Today I decided to attempt to answer a very hard question about who I want to be going forward. It seems to me as if meditation is attempting to keep me focused in, and while that certainly is a great thing, I'm not sure that that is where I want to be. To make slightly more clear what I am trying to do, the video prior to today's meditation on headspace was talking about how thoughts are kinda like cars and you shouldn't bother to run after them because otherwise you'll just be tired. It felt very right at the moment, but as I have thought about it more, I realize that I perhaps want to allow myself to "run after the cars". I like being creative, and somewhat without boundaries. Perhaps I am mistaken about what the meditation is going to do for me, but it almost seems to me as if it is going to take away the whimsical part of me that I have gotten so attached to. Or maybe I should just give it up anyway. The point is, I guess, I'm not so sure that it's for me. Who knows, maybe it would take away this awful existentialism and paranoia I have at all times. Wouldn't that be great. I would absolutely appreciate any advice anybody could give me in this regard.

As far as my goals,

Esteem: Today I spent a tad bit of time looking at dieting advice (it didn't really help all that much), but primarily I did another workout. Tomorrow I'm supposed to run a 5k, so hopefully that will go well.

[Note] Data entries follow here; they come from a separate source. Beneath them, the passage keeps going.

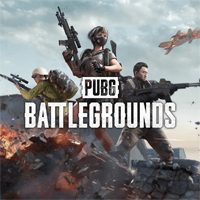 PUBG: BATTLEGROUNDS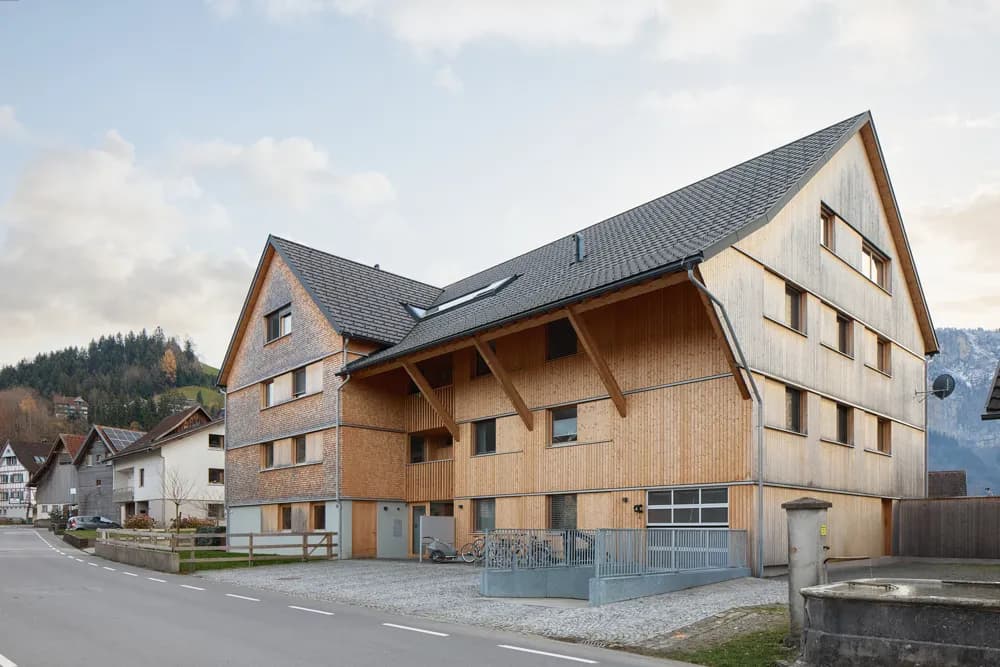 4-Zimmer-Wohnung kaufen in Dornbirn – 156,47 m², € 985.000 – Bild 13 von 16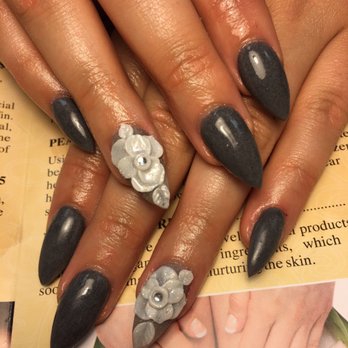 VIP Nails - Nail Salons Near Me - Ada, Oklahoma
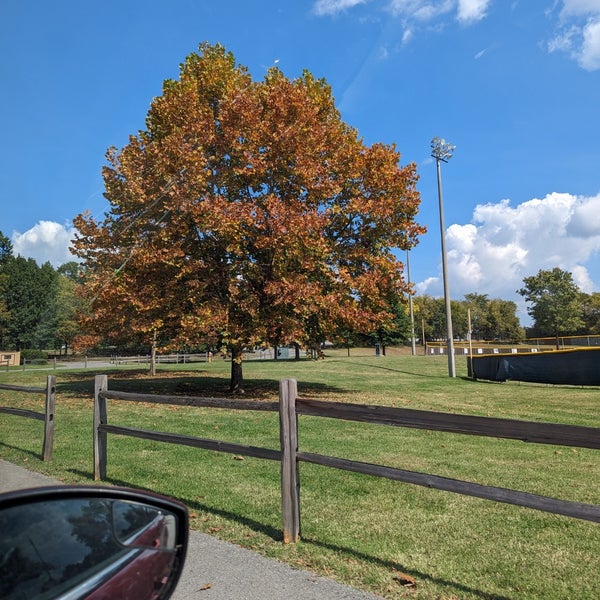 Moss Wright Park Goodlettsville, TN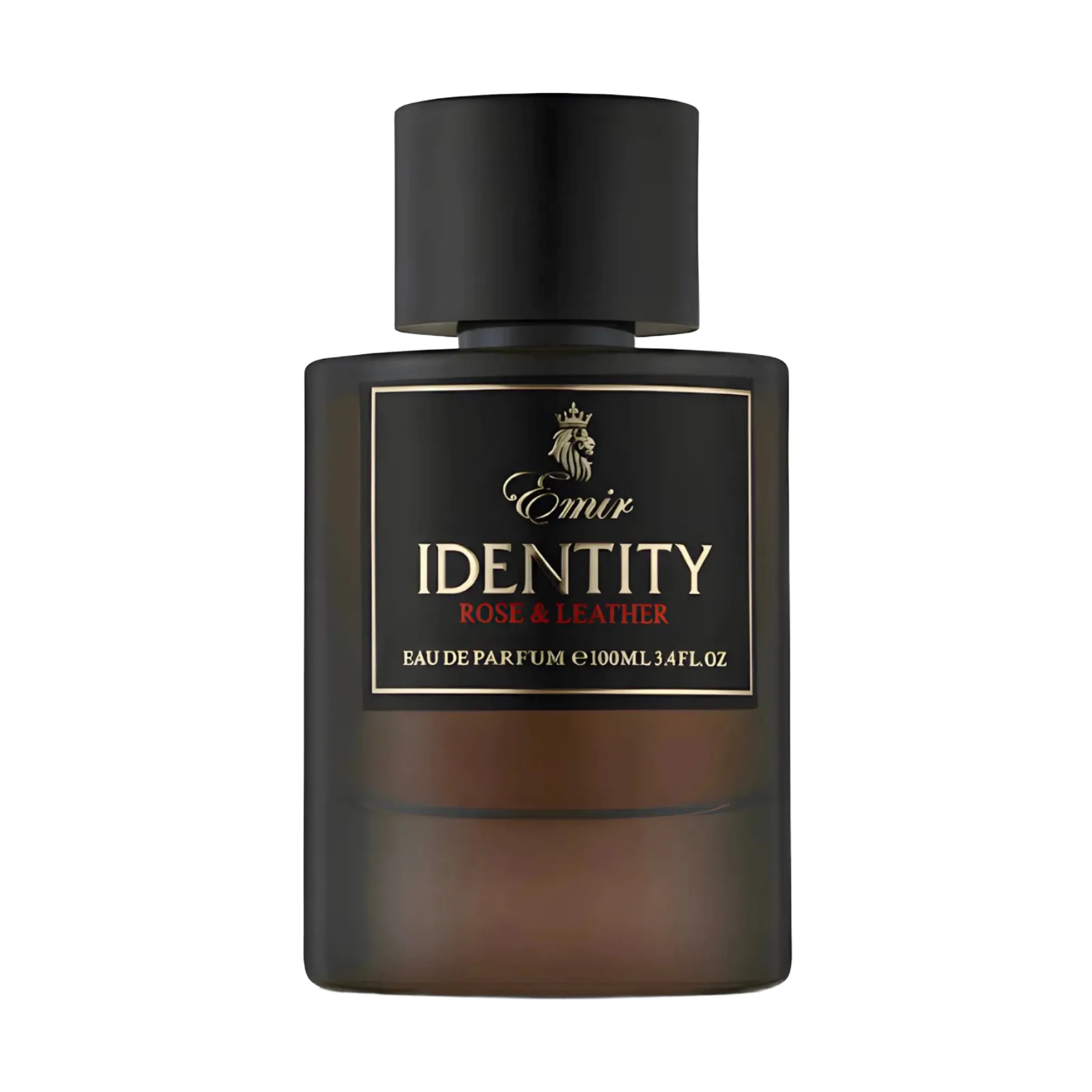 Identity Rose & Leather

Music: I continued to practice my song on piano and practiced a few other songs on piano. Perhaps eventually I can bring myself to go work on the drums, which I should really go do sometime. I've never before been particularly good at forcing myself to practice drums.

Education: I did very little today in the way of education. I mean, today was also a snow day, so I kinda didn't feel like doing very much, but I think I might be going a bit overboard on the relaxation. I think that maybe once I get started in that way it'll become a ton easier.

Relaxation: I think I may need to lay off this a bit. I feel kinda relaxed, but I think my random hobbies are getting a bit too far into the way of other things and making me worry more. I managed to study pretty consistently for a few days and I felt a ton better than I do now, and I spent most of today watching YouTube. Ah well, baby steps.